The city’s presentation shows that they plan to make modest principal payments on the taxable bonds starting in 2019.  They will start making serious principal payments in 2024 with an ever increasing payment until those bonds are paid for.

No principles

As for the tax-exempt bonds, this chart tells what the city has done to us:

2013ataxexemptbonds

They are planning a “large bullet payment” of $17,455,000 in 2023.  The amortization chart is below:

2013aschedule

They optimistically talk about the potential of using “excess” Hotel Occupancy Taxes and of the potential of lower market rates.  We have already seen HOT taxes coming in under their projections.  As for lower interest rates in the future I think that we all know the answer.

Better future

We are not even planning to begin paying for the tax-exempt principal until 2023.  Where will that money come from?

We deserve better

Brutus


El Paso ball park lease–continued

November 7, 2013

I found the first amendment to the ball park lease.  As it applies to parking the only thing that I saw in the amendment was that in years 25-30 of the lease the city will be entitled to $1.60 per parking spot per year.

The lease is now for thirty years with the sports group having the option to extend the lease three times for five years each.  That brings the period in which they can control the ball park to 45 years.

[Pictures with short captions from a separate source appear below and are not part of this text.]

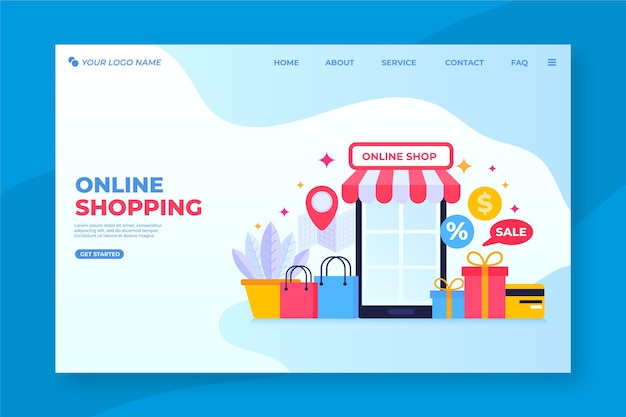 Flache Design-Shopping-Online-Landingpage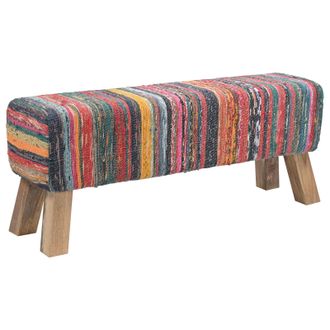 vidaXL Banco 110 X 30 X 45 Cm Cuero Real Multicolor Vidaxl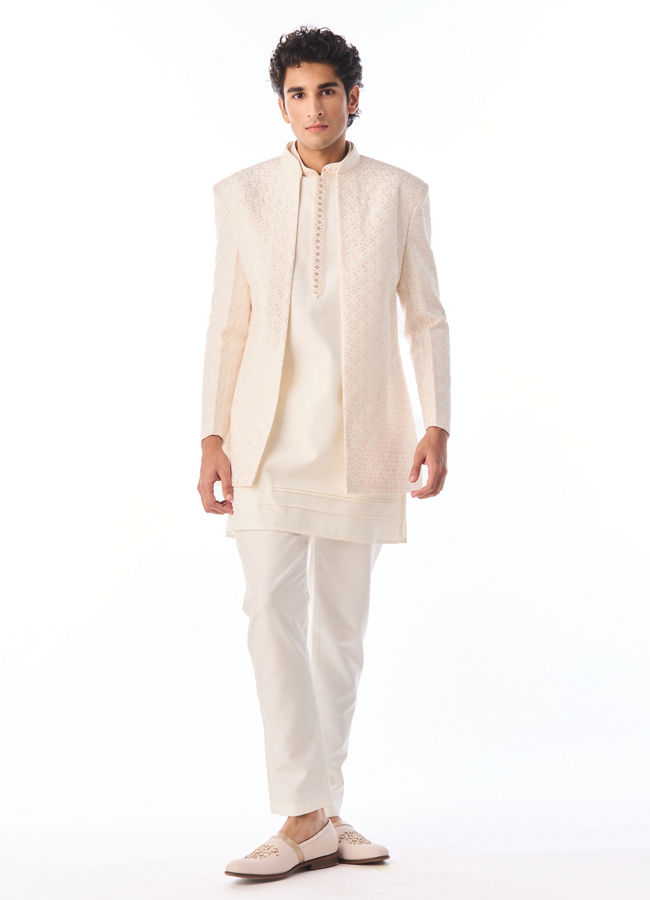 Manyavar Men Cream Silk Indo Western Jacket
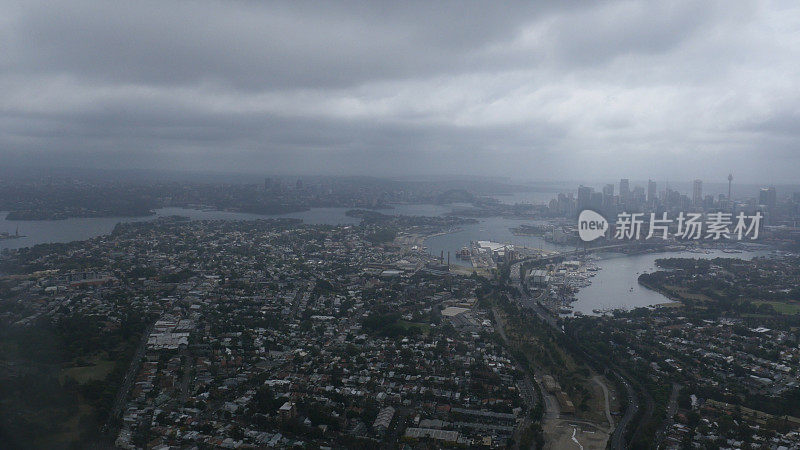 鸟瞰图悉尼CBD，澳新军团和海港大桥4k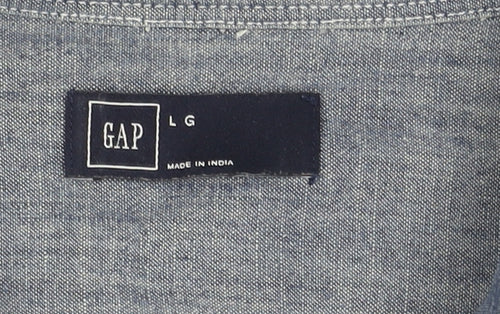 Gap Men's Blue Chambray Shirt L - Button-Up Casual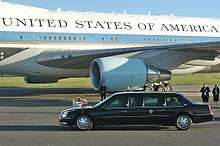 Presidential jet and limousine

The lease will cost $400,000 per year for the first five years and escalates all the way up to $644,204 per year in years 25 to 30.

City use

The sports group gets first priority in using the facility each of the 365 days of the year.

The city may request to use the facility for:

“civic-oriented, community not-for profit or educational events such as City ceremonies, conferences, conventions, meetings and training sessions”

and the sports group will allow them to use it if the sports group does not have something else scheduled for that day.  In other words the city only gets to use the stadium if the sports group does not want it that day, and the city cannot use the arena to make a profit.

Concession

When the city is using the stadium the sports group has the right to run the concessions.  If the sports group declines to run the concessions for a city event, the city must “negotiate an agreement” with the sports group’s existing concessionaires.

The city will reimburse the sports group for any extra expenses that running the city event cause.

City ticket revenue

The city may place a surcharge of fifty cents for each ticket sold for a ball park event.  That number increases each five years up to eighty cents per ticket in years 25-30.

Escalator

I can understand setting fixed amounts for leasing of large facilities.  What does not make sense is a ticket surcharge that goes from fifty cents to eighty cents after 25 years.  Where were the city people in this negotiation?